La storia della musica pop è piena di album concepiti, scritti o registrati in situazioni di isolamento volontario, dove la necessità di sottrarsi al frastuono del mondo è una condizione essenziale per l’espressione artistica. Dallo splendido esilio sulla strada principale dei Rolling Stones alla casetta nei boschi del Bon Iver di For Emma, Forever Ago, a volte il musicista sente il bisogno di staccare, di isolarsi e chiudersi per trovare le condizioni ideali per creare un disco.

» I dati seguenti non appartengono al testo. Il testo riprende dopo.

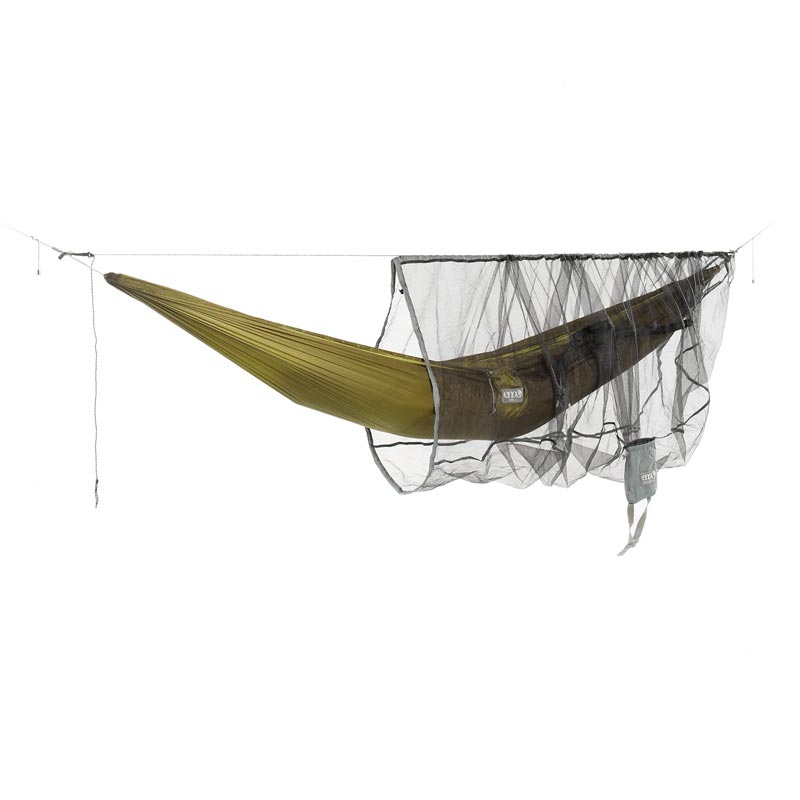 ENO Guardian SL Bug Net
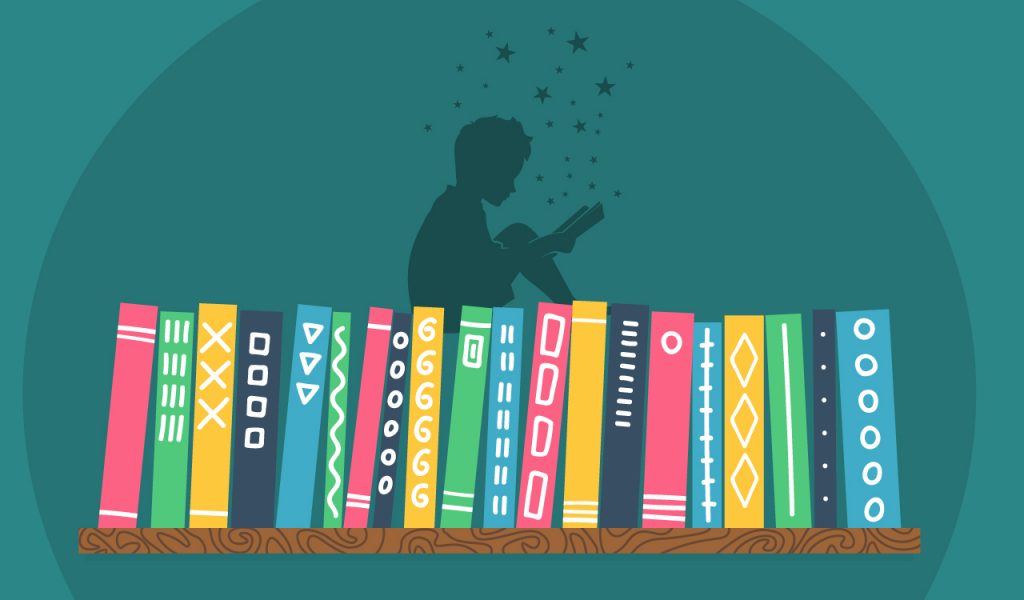 Παγκόσμια Ημέρα Παιδικού Βιβλίου: 10 βιβλία για μικρούς και μεγάλους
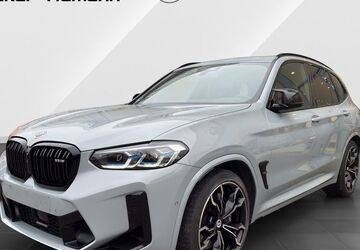 BMW X3 M 50.682 km 64.402 &euro; Lemgo 32657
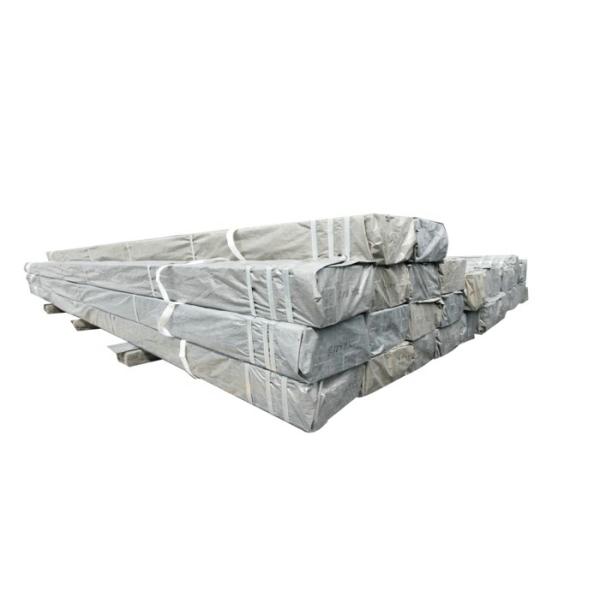 Nickel Alloy Steel Seamless Pipes ASTM B 163 / ASTM B 704 Corrosion Resistant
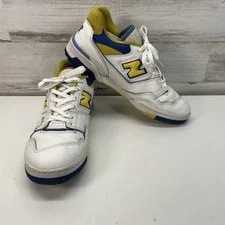 New Balance — New Balance BB550 11 — Sneaker — resale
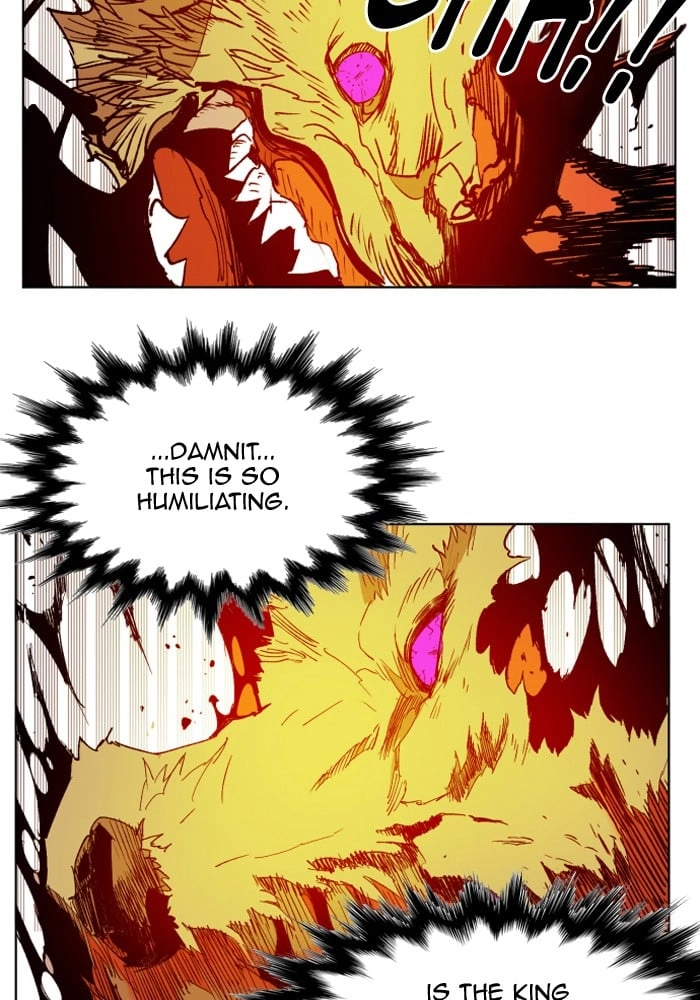 Hardcore Leveling Warrior Chapter 156, page 101 of 112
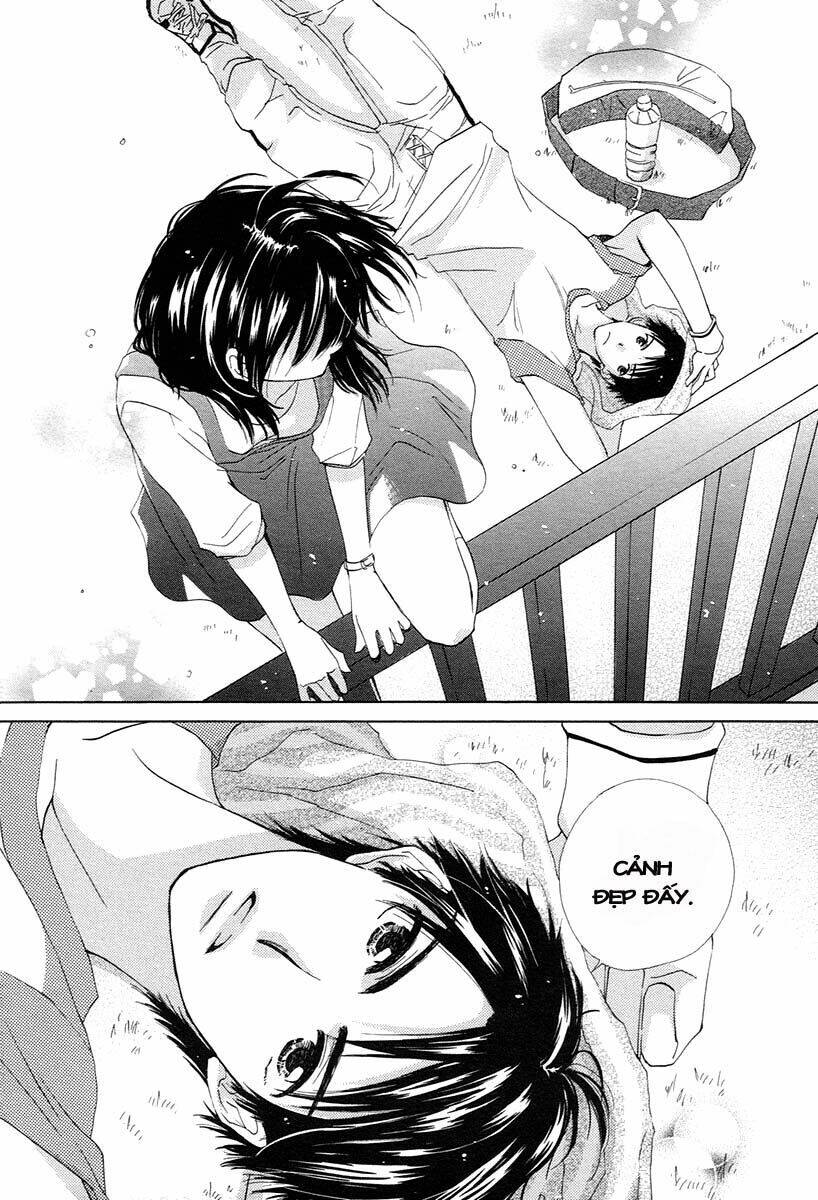 Kimi Wa Kirakira Chapter 1 - 17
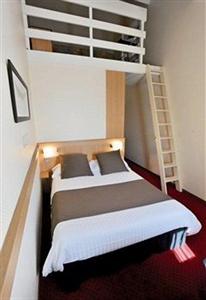 Hotel Kyriad Rennes Sud Chantepie 31 Rue Du Bignon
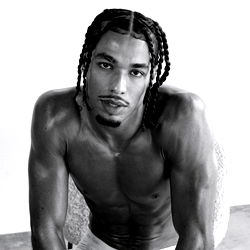 Gero - OnlyFans Model, Age 35, Male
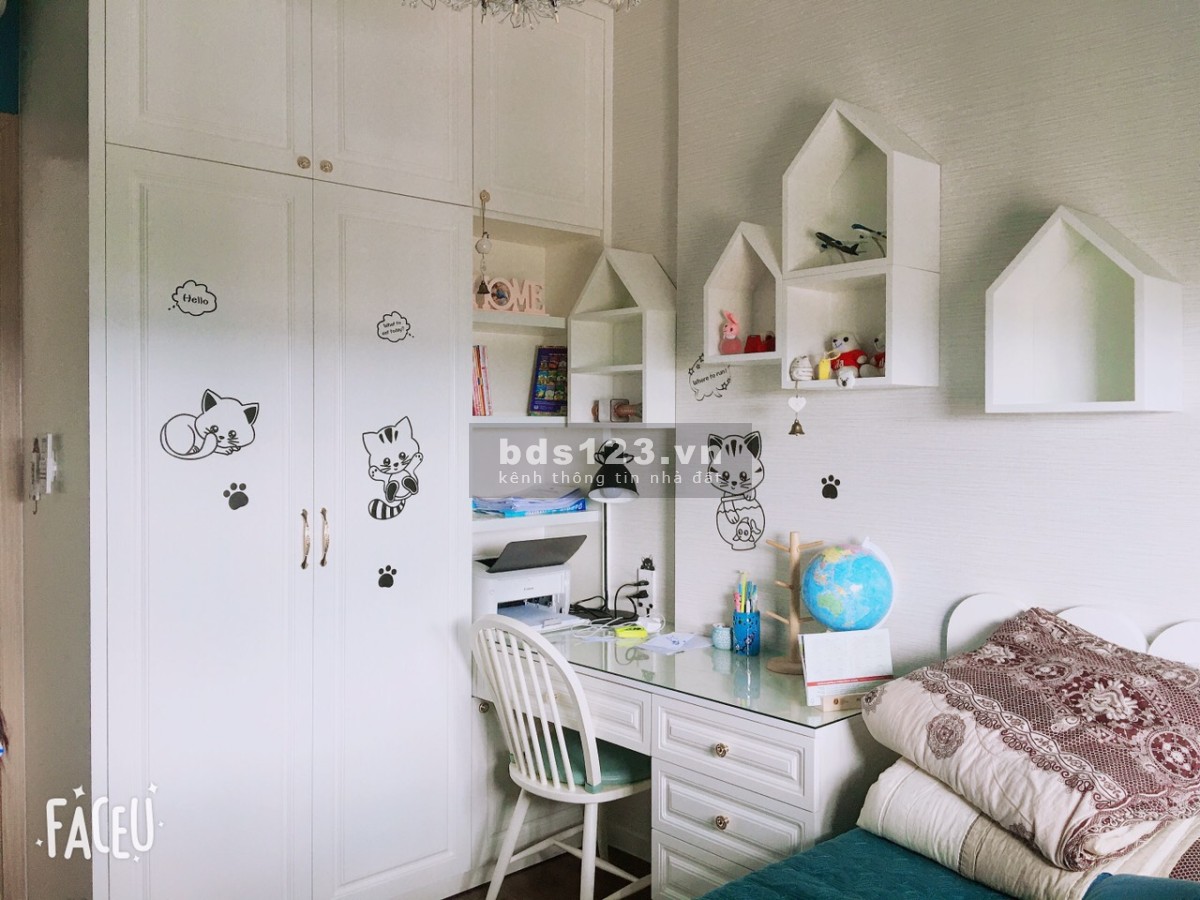 Nhà đẹp cần bán - Jamila Khang Điền - 2PN 2WC view sông thoáng đẹp, có sổ hồng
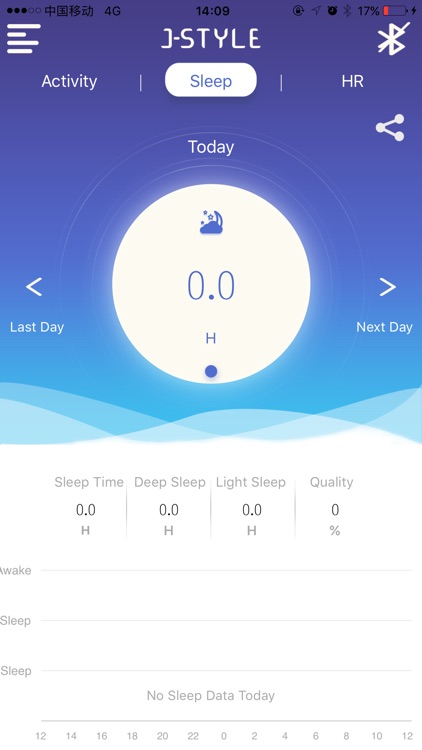 J-Style Heart Rate screenshot-3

Spesso il risultato è impregnato di solitudine (il già citato Bon Iver), tristezza (pensiamo a Tonight’s the Night di Neil Young) o addirittura di un’aria eerie, fantasmatica (Nebraska di Springsteen).

La solitudine è fattore e tematica principale del nuovo lavoro di Cate Le Bon, Reward, uscito a tre anni dall’ottimo Crab Day.  Nel frattempo, un disco con Tim Presley a nome DRINKS e la produzione di Why Hasn’t Everything Already Disappeared? dei Deerhunter. Solitudine, dicevamo: il disco è stato concepito in un isolato cottage dell’Inghilterra settentrionale, su un vecchio pianoforte, in una condizione di “self-imposed isolation” che, a volte, ammette la stessa Le Bon, l’ha portata vicina alla pazzia. Il contesto di nascita del disco si riflette nelle sue tematiche: nel singolo Daylight Matters Le Bon canta “I love you but you’re not here, I love you but you’ve gone”, ma tutto l’album è pervaso di una malinconia gentile, autunnale, finanche sorniona. Non un grido disperato, dunque, ma un sussurro intermittente, una mezza parola con la voce rotta.

Non c’è gravità in Reward: il disco suona lieve, etereo. Le composizioni sono perlopiù ballate, come l’iniziali Miami, puntellata da sintetizzatori e sax, e connotate da atmosfere oniriche, come negli echi di Nico che troviamo in Here it Comes Again e Sad Nudes. Altri pezzi, come Daylight Matters e Home to You, sono più vicini a un chamber-pop raffinato che richiama i Destroyer o il Lou Reed di Coney Island Baby. La vena art-pop che caratterizzava maggiormente Crab Day la ritroviamo invece nei saliscendi di basso di Mother’s Mother’s Magazine e nelle sghembe frasi di chitarra quasi post-punk di Magnificent Gestures (con Kurt Vile alle backing vocals). Notevole, in tutti i pezzi, l’utilizzo dei fiati, che conferisce un’atmosfera quasi jazzata, da elegante night club, rinforzando l’aspetto notturno dell’album.

Non una notte di tregenda, comunque: non il tempo dell’angoscia e della paura, ma piuttosto uno spazio intimo, il silenzio rotto da qualche nota di pianoforte, una solitudine cercata ed esplorata in autonomia. La notte come tempo per riflettere sull’assenza, e cantarci su melodie agrodolci.